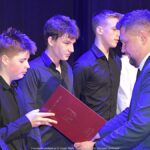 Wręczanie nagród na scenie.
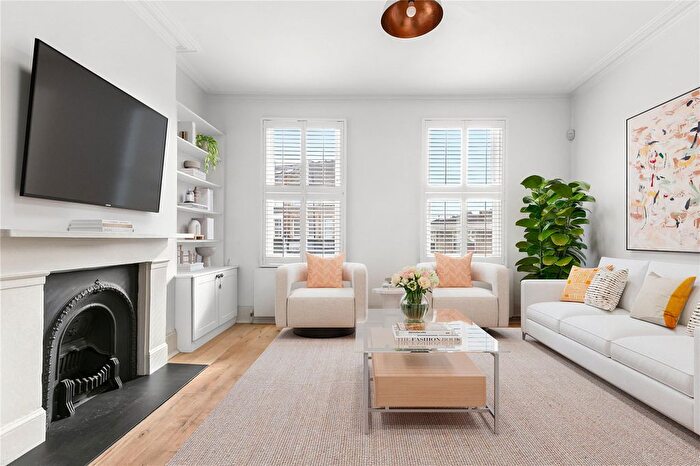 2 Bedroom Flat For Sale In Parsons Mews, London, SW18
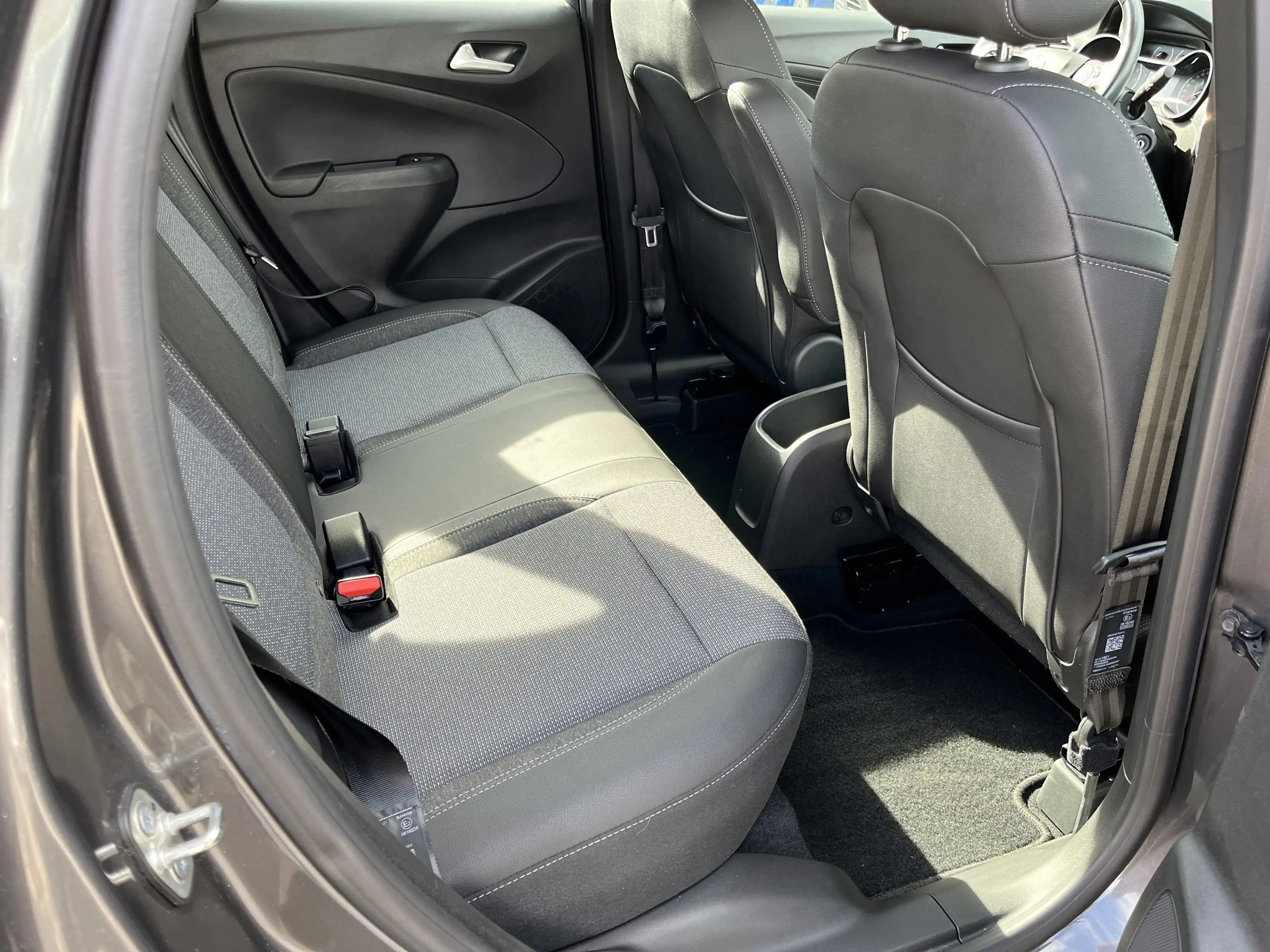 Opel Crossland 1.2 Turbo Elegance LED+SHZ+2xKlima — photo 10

...

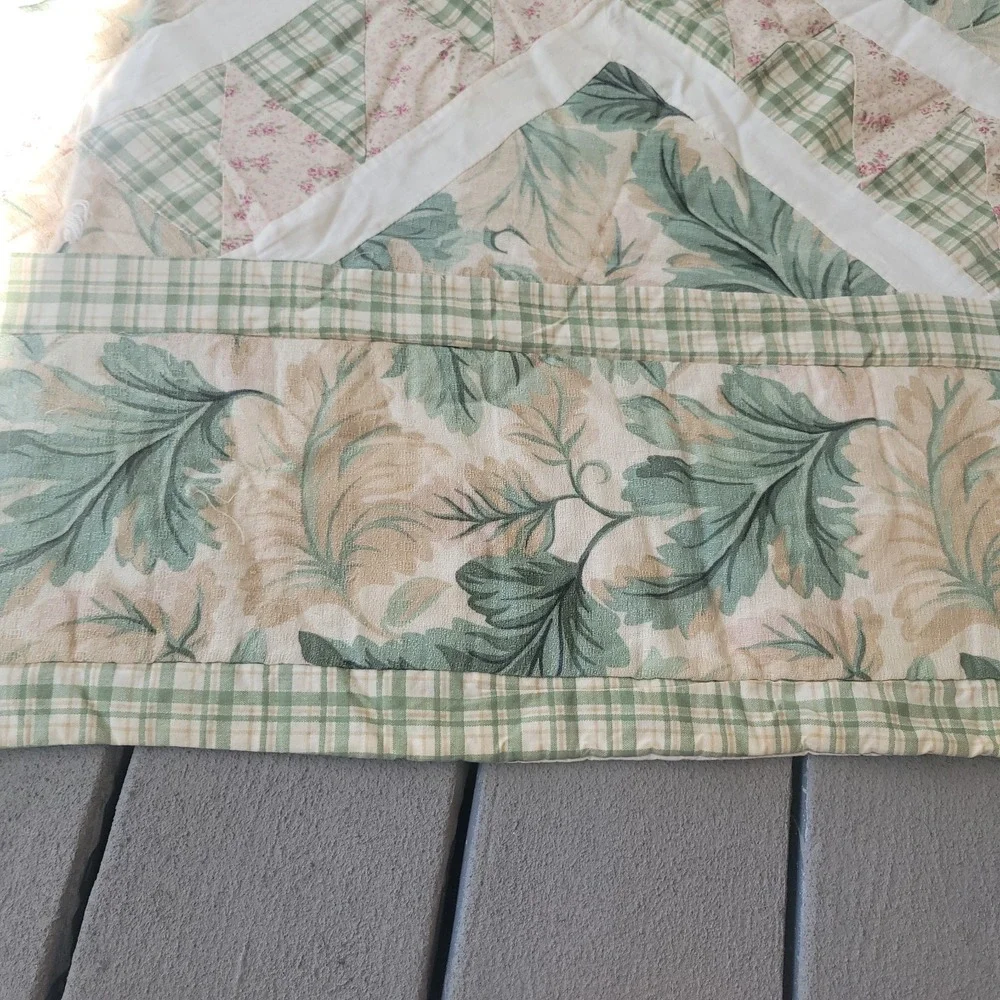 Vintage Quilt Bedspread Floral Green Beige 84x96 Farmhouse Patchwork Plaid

[Task description]
Print from the line containing "Wręczanie nagród na scenie." through the line containing "Opel Crossland 1.2" in the data above, exactly as the lines stand, and omit every picture.

[Response to the exercise]
 Wręczanie nagród na scenie.
 2 Bedroom Flat For Sale In Parsons Mews, London, SW18
 Opel Crossland 1.2 Turbo Elegance LED+SHZ+2xKlima — photo 10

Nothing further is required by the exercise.